Panic On wakes Madder Rose up and moves the group forward in several directions: Lorson’s distinctive vocals still take center stage, but Coté’s guitar provides a much fuller and more eclectic foil. The debut’s seedy, bohemian quality gives way to a much lighter touch, like the Roy Orbison twang Coté brings to “Car Song,” the gentle country lilt of “What Holly Sees” and the bouncy, Feelies-like perkiness of “Drop a Bomb.” Notwithstanding the leadoff song’s avowal — “I could just sleep forever” — Panic On is helpfully alert and engaged. Four long tracks — running between four and nearly six minutes each — end the album on a note of wistful romanticism, as Lorson’s evocative vocals conjure images of lost love and dark city streets.
The delightful Love You Save EP slows the titular Jackson 5 song down to a spare, mid-tempo ballad, allowing Lorson to caress the lovely melody lost in the original’s hyperactive bubblegum arrangement. (The track also gives the band a chance to showcase its new bassist, Matt Giammalvo, late of Eve’s Plumb.) In contrast, the other tracks — “No Avail,” “Diane” and Allen Toussaint’s “Ruler of My Heart” (recorded with original bassist Matt Verta-Ray) — continue in the direction suggested by the romantic mood of Panic On‘s closing tracks — restrained pop music with the tart, adult tang of a dry martini.
Decamping for the usual “artistic differences,” Verta-Ray went on to form Speedball Baby in which he played guitar.
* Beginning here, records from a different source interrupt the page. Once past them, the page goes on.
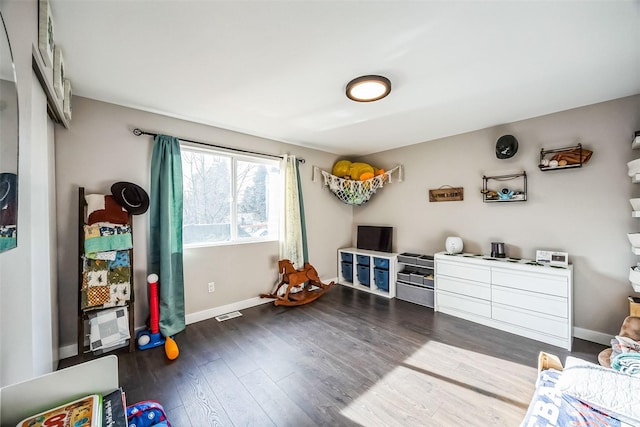 recreation room with dark hardwood / wood-style flooring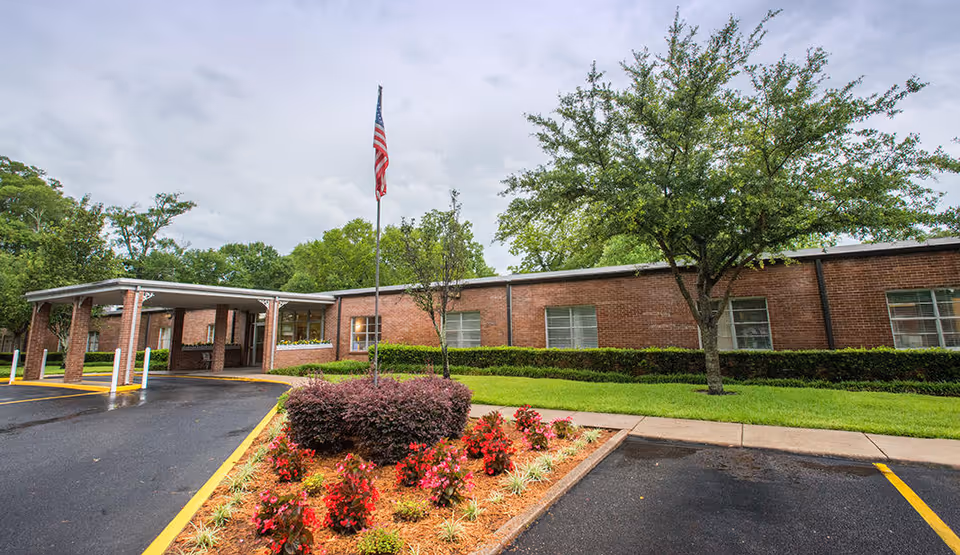 Exterior view of Ashland Place Health and Rehabilitation, LLC showing a single-story brick building with a covered entrance, an American flag on a flagpole, landscaped flower beds with red flowers, green grass, and trees under a cloudy sky.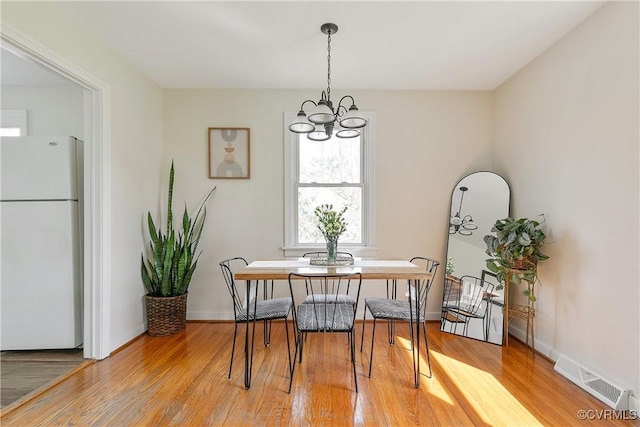 dining space with a chandelier, light wood finished floors, visible vents, and baseboards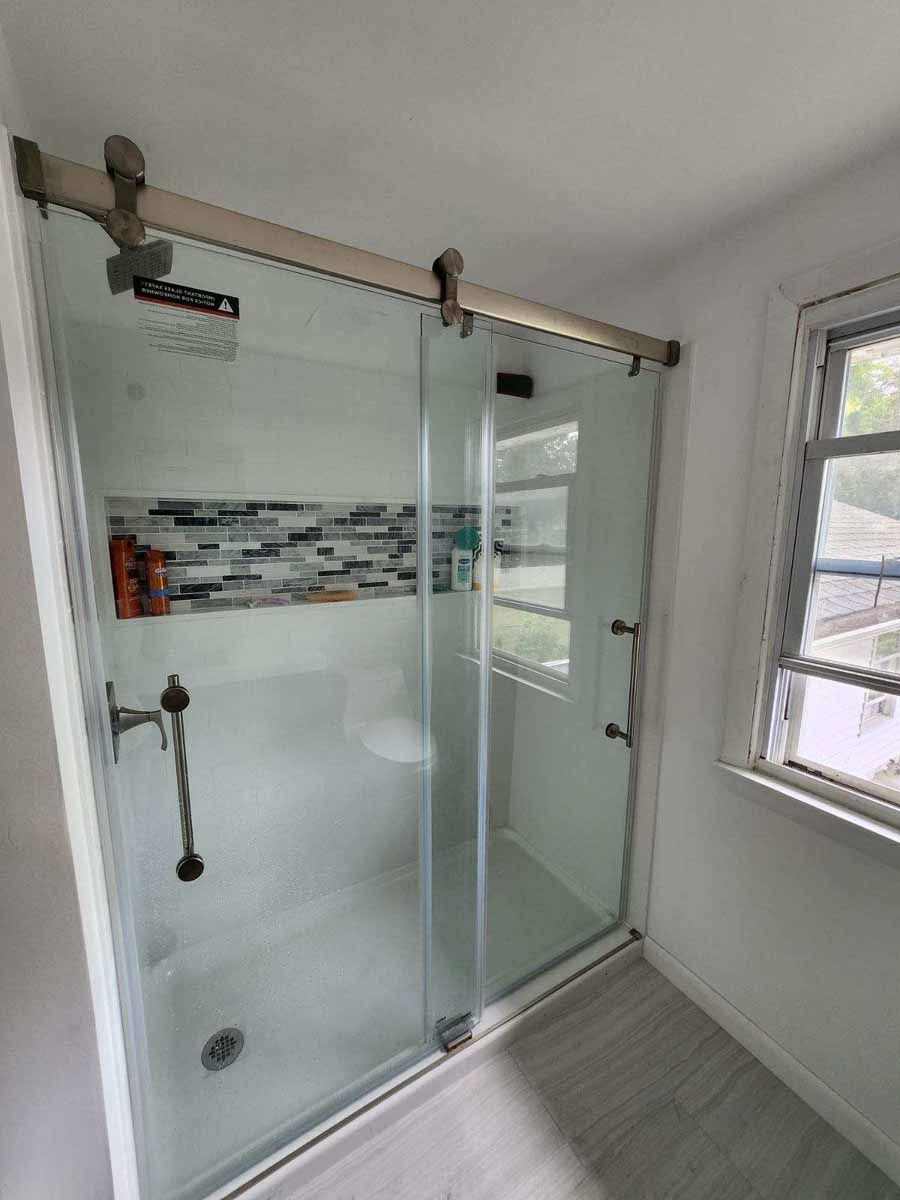Shower with sliding glass doors and a decorative tile strip. The hardware is brushed nickel. Next to a small window.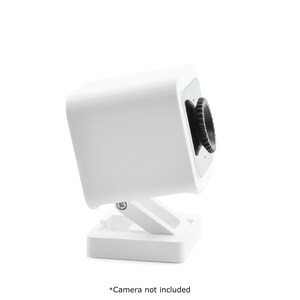 May include: White security camera mount with a swivel base and a black lens. *Camera not included*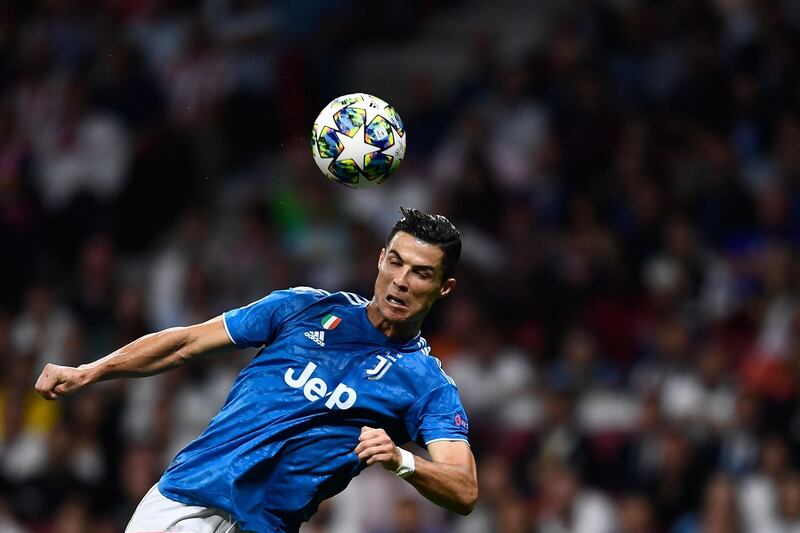 Juventus' Portuguese forward Cristiano Ronaldo heads the ball. AFP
The group’s eponymous debut — retro-rockabilly skronk that sounds like warmed-over Cramps covers — doesn’t offer much in the way of originality, but it does explain why Verta-Ray felt uncomfortable in the increasingly dainty, mainstream and accessible Madder Rose. Get Straight for the Last Supper doesn’t differ appreciably from the band’s debut, aside from singer Ron Ward’s (formerly the drummer for the far more sedate Blood Oranges) surprisingly credible, wailing rendition of Van Morrison’s “T.B. Sheets.” A tempest in a beer glass.
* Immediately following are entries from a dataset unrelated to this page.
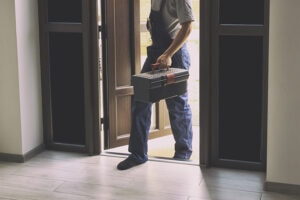 HVAC technician walking into a home to perform service.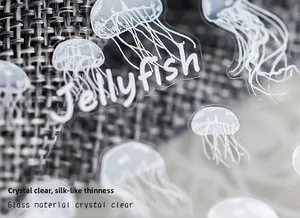 Macro shot of thin jellyfish pattern nail decals with clear glass-like finish on grey fabric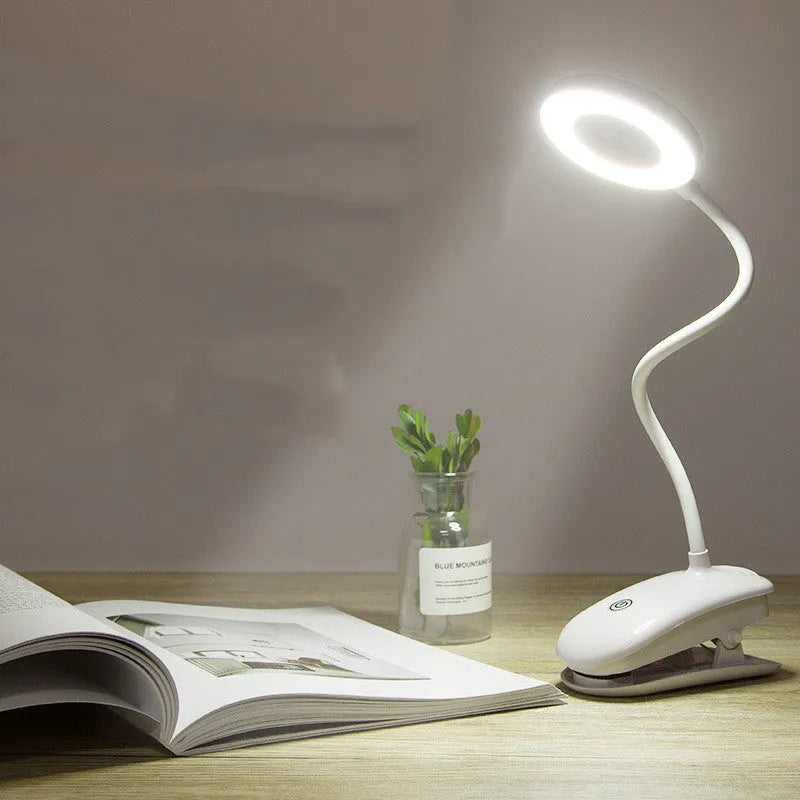 Clip-on rechargeable desk lamp with touch controls showing modern minimalist design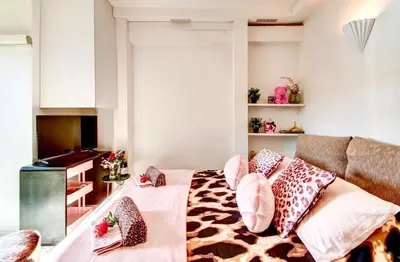 a bedroom with a bed with pillows on it at Nice - Little Studio with Sunny Terrace in Nice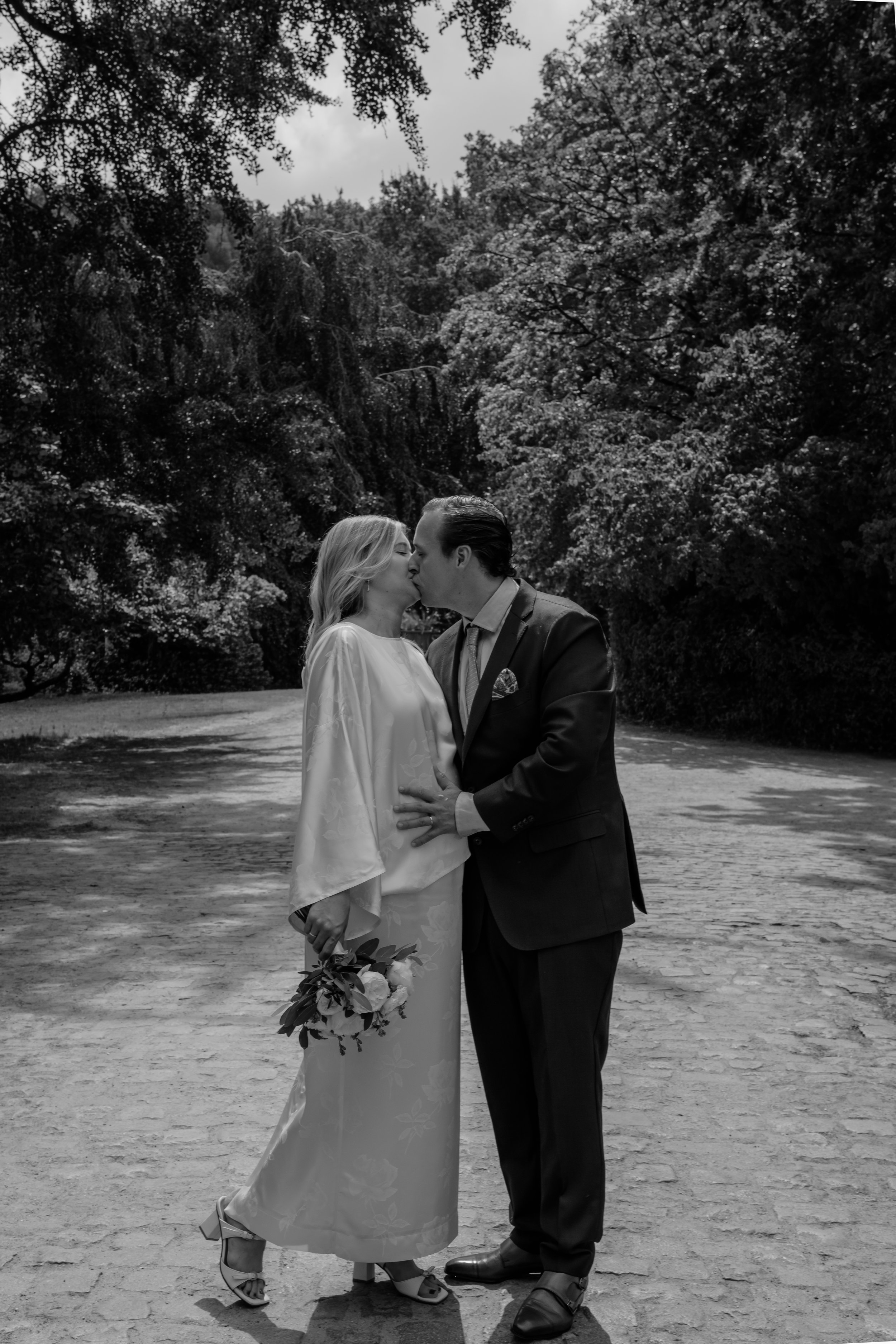 A black and white photograph of a couple kissing outdoors, with trees in the background. The woman is wearing a long dress and holding a bouquet, and the man is wearing a suit.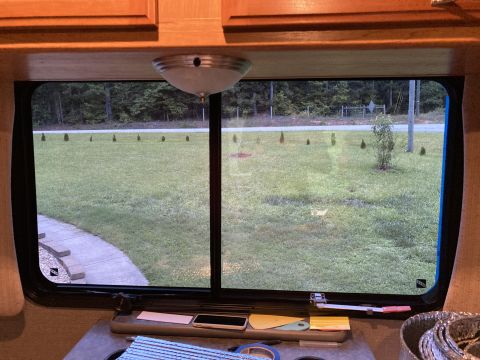 2015 Ford F-550 - Looking out from inside an RV, a grassy area with small trees and a road is visible through the window.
After a long layoff, Madder Rose (with yet another bassist, Chris Giammalvo) returned with the disappointing TragicMagic, which at first reaches for a smoky late-night small-combo ambience it never quite conjures up. Co-producer John Holbrook’s dry sound puts Lorson out in front, and she doesn’t have the sultry voice this sort of slow bar-noir music demands. Sometimes tremolo guitar and languorous rhythms just aren’t enough. A third-way of the in, the album’s style shifts, and the band finds its footing briefly in the pop and mildly psychedelic stylings of “Delight’s Pool” and “(She’s a) Satellite.” But the track that follows them, “Peter and Victor,” has a melodramatic spoken vocal by Coté and the rest of TragicMagic is hit (“Don Greene”) and miss (“Best Friend”).
Having survived its major-label experience, Madder Rose nonetheless came to an end, one indie album later, around the end of the millennium. Lorson and Coté stuck together, making Piano Creeps, a spare, slow, lovely but essentially uneventful album of guitar, piano and violin instrumentals and the wispily sung “See the Stars” and the more robust “Americana #1.”
Verta-Ray runs a New York recording studio where, in 2004, he collaborated with Jon Spencer on an album under the name Heavy Trash.